O aparato técnico para esses artistas nunca se impõe como limite,
ele é só como mais uma forma de mediação criativa entre o olhar
e o mundo.
As
mediações podem ser muitas porém o toque de Cao Guimarães é sempre
perceptível. O trabalho de Acidente está bem próximo da
sua série fotográfica Gambiarras: o “jeitinho” inscrustrado
no uso dos objetos. Neste trabalho fotográfico, é também o banal
que assume novas dimensões e adquire um sentido inexistente antes
de ser captado pela objetiva. Objetos que são reconfigurados nas
suas funções ao serem captados pela câmera, têm adicionado o seu
sentido estético; é o prazer da graça de ver transformado o improviso
em arte.
O improviso da viagem, que forma este conjunto
de “acidentes”, se intensifica com a profusão de registros e formatos.

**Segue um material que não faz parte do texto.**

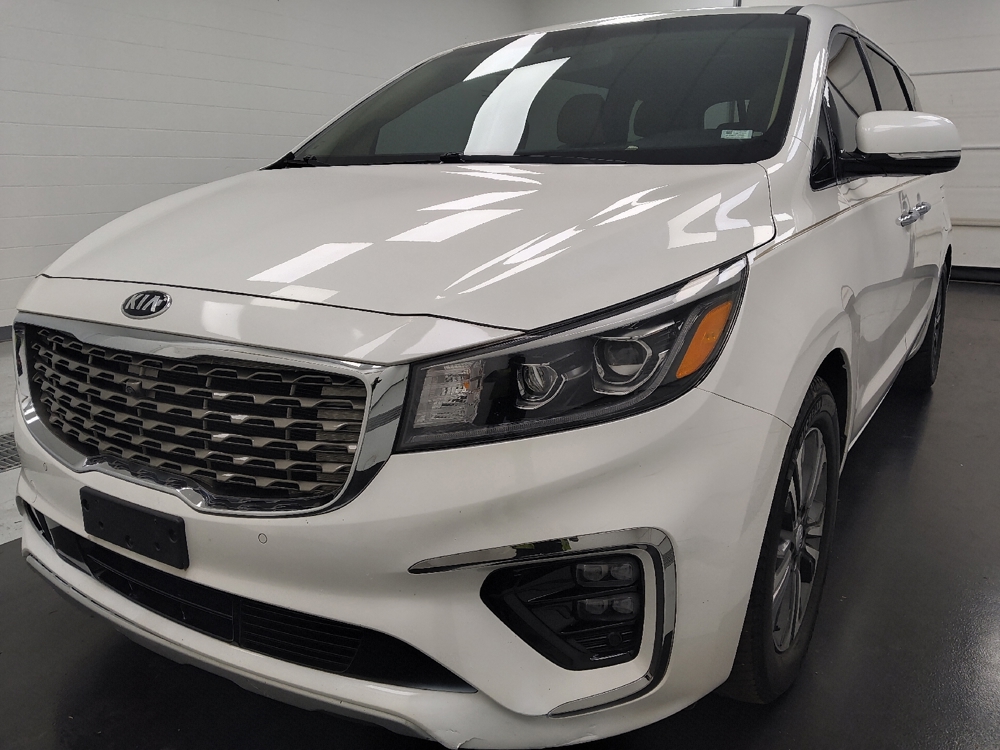 2019 Kia Sedona SX - Photo 12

Alguns capítulos-cidade formam pequenas narrativas, como é o caso
da sequência que acompanha o dia de um bar com um observador-câmera
atrás do balcão. O tempo se arrasta e do lado de fora vemos um
ônibus que está sempre lá. A noite cai, o ônibus dá partida e
quando vemos estamos dentro dele compartilhando a visão ampliada
do motorista dirigindo pela cidade. Mini-narrativas convivem com
momentos de pura contemplação, e tudo revela uma outra forma de
se olhar o banal, cercando estas pequenas coisas de um sentido
inédito, mas simples.
É com esta mesma simplicidade que aos poucos a
junção dos nomes das cidades visitadas formam um poema. Os nomes
estavam lá, só precisava alguém aparecer para juntá-los. O trabalho
de Cao Guimarães nos chama a ver as coisas com mais atenção, mostrando
que uma postura poética diante das pessoas e do mundo ainda é
possível. Com isso, ele definitivamente amplia as possibilidades
expressivas do documentário e do audiovisual ao transformar tudo
o que passa pelo seu olhar em poesia.